[Dataset records]:
= Beginning of Section =
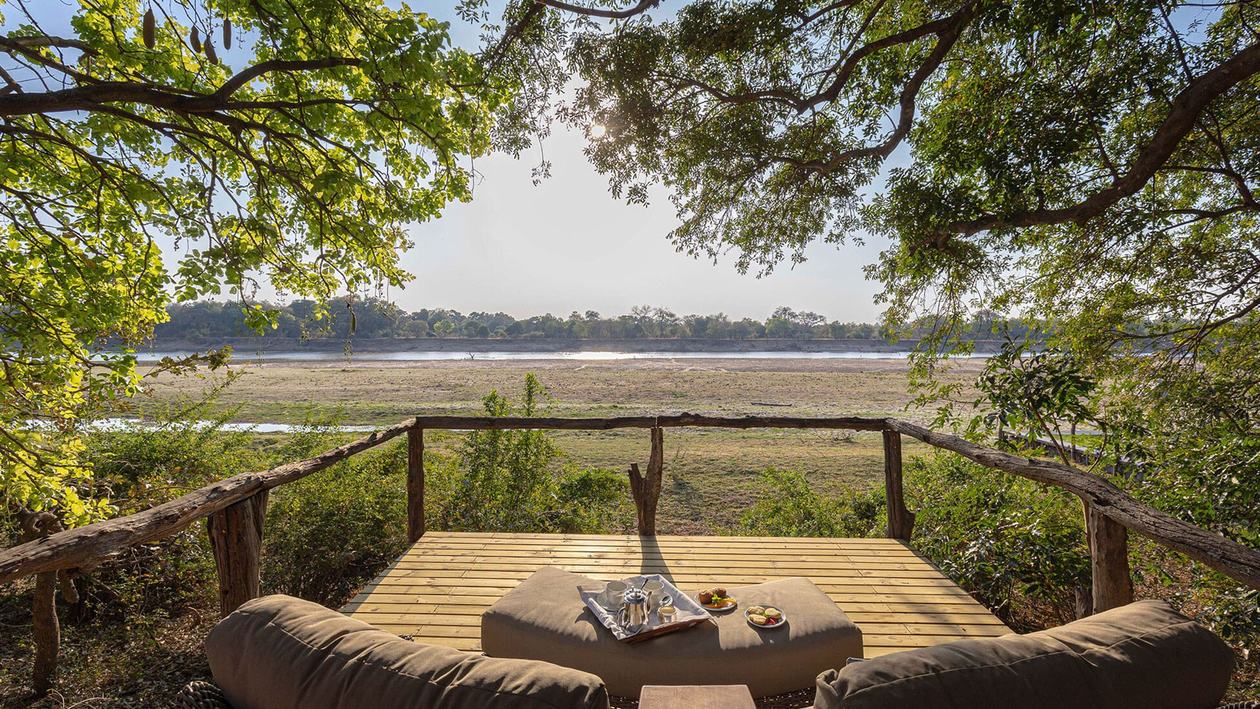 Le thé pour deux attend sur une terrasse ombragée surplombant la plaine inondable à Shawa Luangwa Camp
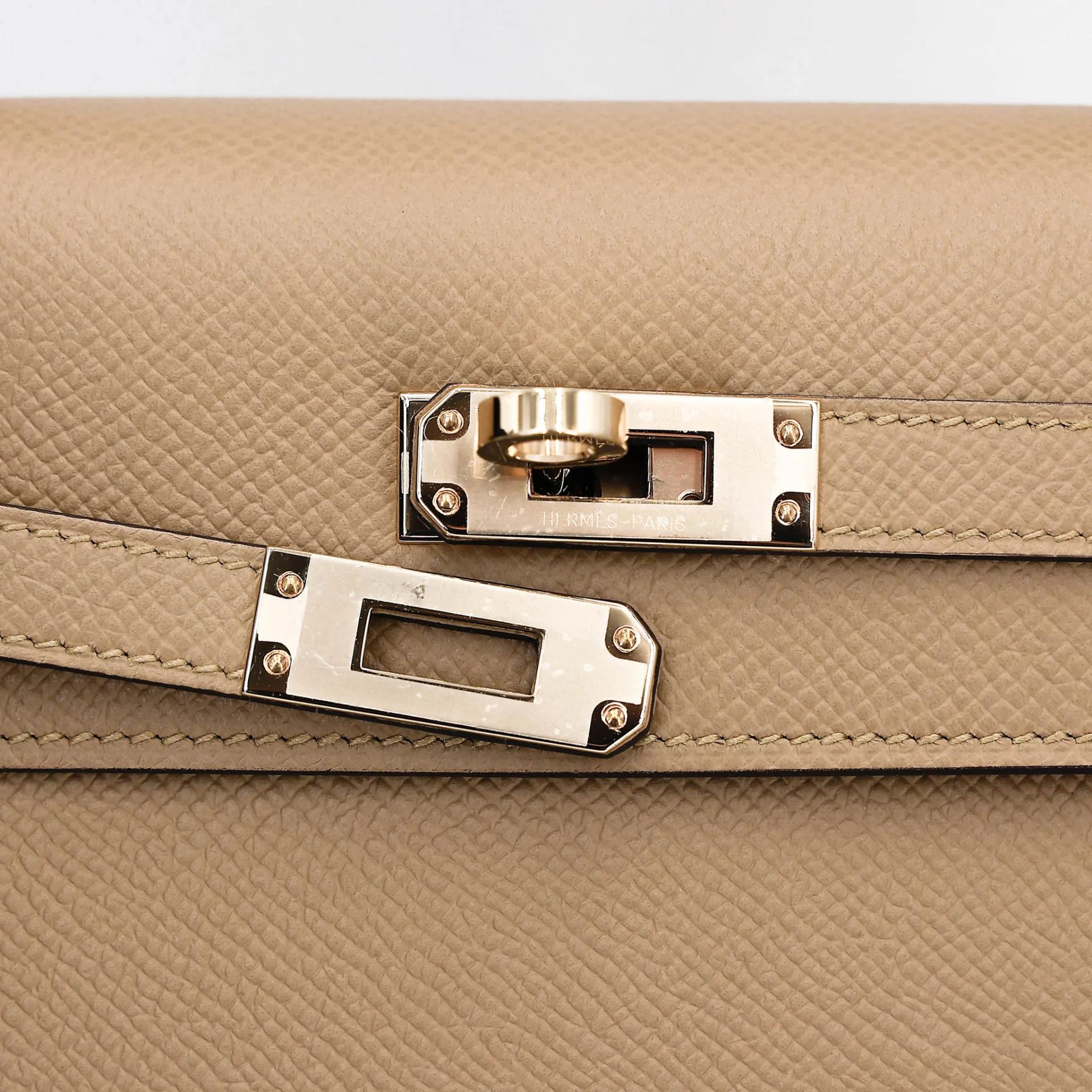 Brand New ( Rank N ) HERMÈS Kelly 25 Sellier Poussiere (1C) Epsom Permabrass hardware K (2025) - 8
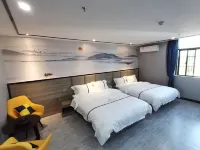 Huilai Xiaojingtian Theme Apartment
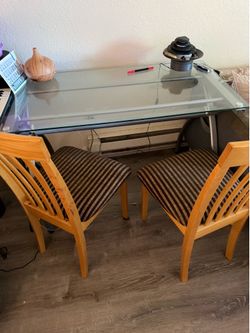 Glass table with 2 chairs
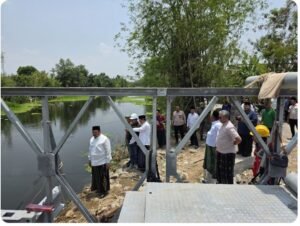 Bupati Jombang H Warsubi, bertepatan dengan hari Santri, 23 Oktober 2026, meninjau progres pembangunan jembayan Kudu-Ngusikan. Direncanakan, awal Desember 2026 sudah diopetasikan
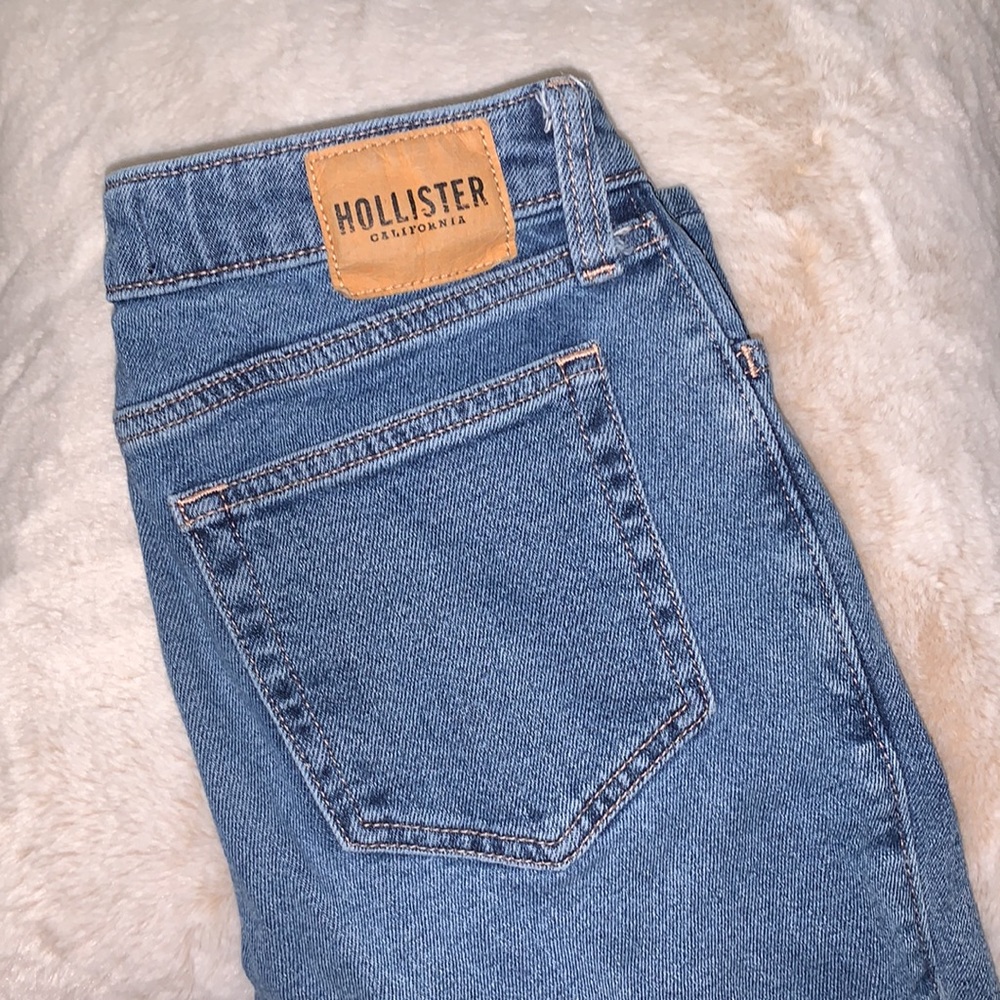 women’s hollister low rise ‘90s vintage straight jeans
= End of Section =
= Beginning of Section =
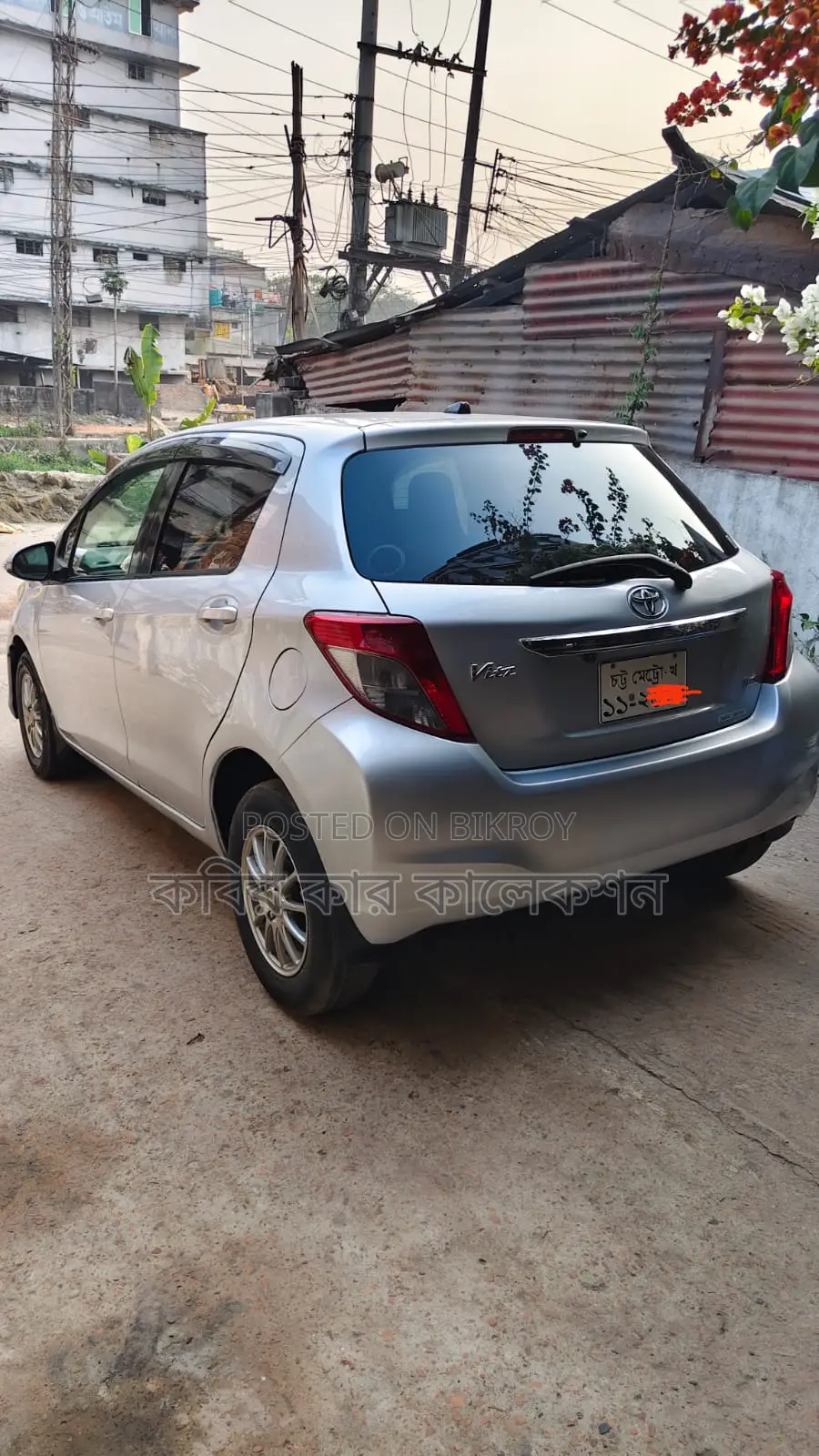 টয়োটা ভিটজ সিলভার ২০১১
= End of Section =
[How to complete this task]:
With the pictures removed, print only the lines starting at the line that has "Huilai Xiaojingtian Theme Apartment" and ending at the line that has "women’s hollister low", both ends included, exactly as they stand above.

[Answer space]:
 Huilai Xiaojingtian Theme Apartment
 Glass table with 2 chairs
 Bupati Jombang H Warsubi, bertepatan dengan hari Santri, 23 Oktober 2026, meninjau progres pembangunan jembayan Kudu-Ngusikan. Direncanakan, awal Desember 2026 sudah diopetasikan
 women’s hollister low rise ‘90s vintage straight jeans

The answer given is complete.